Showing posts with label create table as select partition by. Show all posts
Showing posts with label create table as select partition by. Show all posts

Saturday, November 02, 2013

Create a partitioned table from an existing table

Partitioned tables are extremely powerful to manage large data. We can combine "create table as select" and "partition by" to build a new partitioned table based on an existing table.

For example, we have a transaction table that includes account_number and transaction date. We can create a partitioned table that has one partition for each day.

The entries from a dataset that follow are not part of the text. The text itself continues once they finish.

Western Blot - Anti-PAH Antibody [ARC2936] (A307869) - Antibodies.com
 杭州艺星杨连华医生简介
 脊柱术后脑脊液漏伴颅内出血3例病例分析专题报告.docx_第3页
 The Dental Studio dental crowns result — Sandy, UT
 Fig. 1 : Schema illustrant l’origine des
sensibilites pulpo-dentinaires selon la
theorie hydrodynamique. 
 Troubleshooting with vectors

SQL> create table tbl_txn_par_by_day partition by range(txn_date) interval(numtodsinterval(1,'day')) (partition p0 values less than (to_date('20131 001','YYYYMMDD'))) as select * from tbl_txn;
Table created.

Or we can create a partitioned table that has 20 partitions based on the hash value of account numbers.

SQL> create table tbl_txn_par_by_acct_num partition by hash(account_number) partitions 20 as select * from tbl_txn;
Table created.

We can find out the partition names.

SQL> select table_name, partition_name, high_value from user_tab_partitions where table_name='TBL_TXN_PAR_BY_DAY';

TABLE_NAME PARTITION_NAME HIGH_VALUE
TBL_TXN_PAR_BY_DAY P0 TO_DATE(' 2013-10-01 00:00:00', 'SYYYY-MM-DD HH24:MI:SS', 'NLS_CALENDAR=GREGORIAN')
TBL_TXN_PAR_BY_DAY SYS_P45 TO_DATE(' 2013-10-16 00:00:00', 'SYYYY-MM-DD HH24:MI:SS', 'NLS_CALENDAR=GREGORIAN')

We run SQL query against specific partitions.

SQL> select count(1) from TBL_TXN_PAR_BY_DAY partition(SYS_P45);

COUNT(1)
100125

Using partition tables, I was able to perform complex analysis on 50 million bank card transactions, including fuzzy matching multiple tables,etc., on a $600 desktop PC.